Andy Dirks (12), Austin Jackson (14), and Torii Hunter (48) celebrate after a win. - USA TODAY Sports

Andy Dirks has not replicated his success in 2012 throughout the first half of 2013. With three quality alternatives, how much longer will the Tigers allow Dirks to play almost everyday?

Coming into 2013, the Tigers were expecting big things of Andy Dirks. In the offseason, Detroit added Torii Hunter and a healthy Victor Martinez while they bid adieu to Brennan Boesch and Delmon Young. Dirks, coming off a season where he hit .322, was expected to be a solid, if unspectacular, component of a potent lineup. Yet, at the All-Star Break, Dirks has been far from solid, posting an average of .243 and a slugging percentage 143 points below his 2012 mark. Over the Break, might Dave Dombrowski and Jim Leyland decide to replace Dirks with either Matt Tuiasosopo, Avisail Garcia, or Nick Castellanos?

Tuiasosopo has certainly been a massive surprise this season, with an AVG/OBP/SLG of .329/.450/.634, albeit in one third of Dirks's plate appearances. Tuiasosopo's weighted runs created plus (wRC+, a stat where 100 is major league average production and 101 is 1% more production than the average major leaguer) sits at 196 compared to Dirks's 78. That means that Tuiasosopo has provided two and a half times more production per plate appearance than Dirks. To put this stat in perspective, Prince Fielder's wRC+ is 125 while Cabrera's is at a league-leading 204. Tuiasospo's success isn't due to only being used against lefties either; Tuiasosopo's wRC+ is actually slightly higher while facing righties.

Avisail Garcia has gotten an extended look in the big leagues already this season. Jim Leyland has been adamant that Garcia needs to see everyday at-bats in order to continue his development, so although no one wants Garcia sitting on the bench in Detroit, if he were the everyday left fielder, that wouldn't be a problem. The problem, however, is that Garcia simply wasn't that good in Detroit. He actually was slightly worse than Dirks, while receiving only 12 less at-bats than Tuiasosopo. After being sent back down to Toledo Garcia has clobbered the ball, so there is reason to be optomistic should Garcia be given the chance to play everyday.
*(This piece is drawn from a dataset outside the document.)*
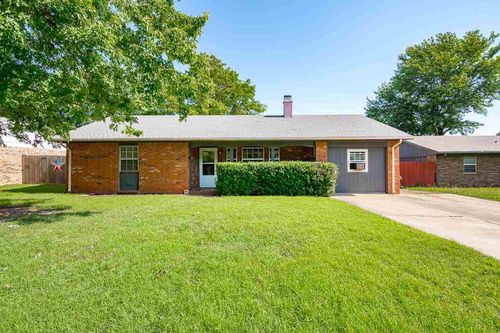 217 E Maple Ave, PERRY, OK, 73077-2604 | Card Image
The third candidate, of course, is top-prospect Nick Castellanos. Castellanos has had no trouble in his first year in Toledo, and the main remaining concern is his defense in left. Whenever the Tigers have needed an extra outfield bat they have called up Garcia, but maybe Dombrowski would choose differently if he were calling up someone to play everyday.

Let's pretend for a moment that the Tigers do in fact want to make a change in left field. Switching Tuiasosopo and Dirks would be simple, but putting Garcia or Castellanos on the major league roster would be decidedly less so. The Tigers would be faced with the decision of optioning Dirks to Toledo or designating Don Kelly for assignment. There are not enough at-bats for Garcia/Castellanos plus Tuiasosopo and Dirks, and Kelly has had the better year so far with a wRC+ of 106 compared to 78, but Dirks definitely belongs in the major leagues, at worst as a fourth outfielder.

There is, however, one scenario where the Tigers may feel the need to call up either Garcia or Castellanos. If Peralta gets suspended or Infante is on the disabled list for an extended period of time, Kelly or Tuiasosopo may be called upon to play the middle infield. Now, no one knows if either player is capable of playing the middle infield, but both of them have played it in the past. If Tuiasosopo or Kelly were needed in the infield, Garcia or Castellanos could play everyday in left while Dirks would have much less competition for playing time as the fourth outfielder.

Going into the second half, Andy Dirks is squarely on the hot seat. Leyland and Dombrowski may or may not decide to make a change, but chances are they will at least discuss the possibility this week. There are many subjective factors in play here, namely Dirks's defensive ability -- he's the fourth best defender in all of baseball according the Fangraphs's Fielding Runs Above Average. Should the Tigers decide a change is needed, they have three quality candidates, who, given the opportunity, can provide a significant upgrade.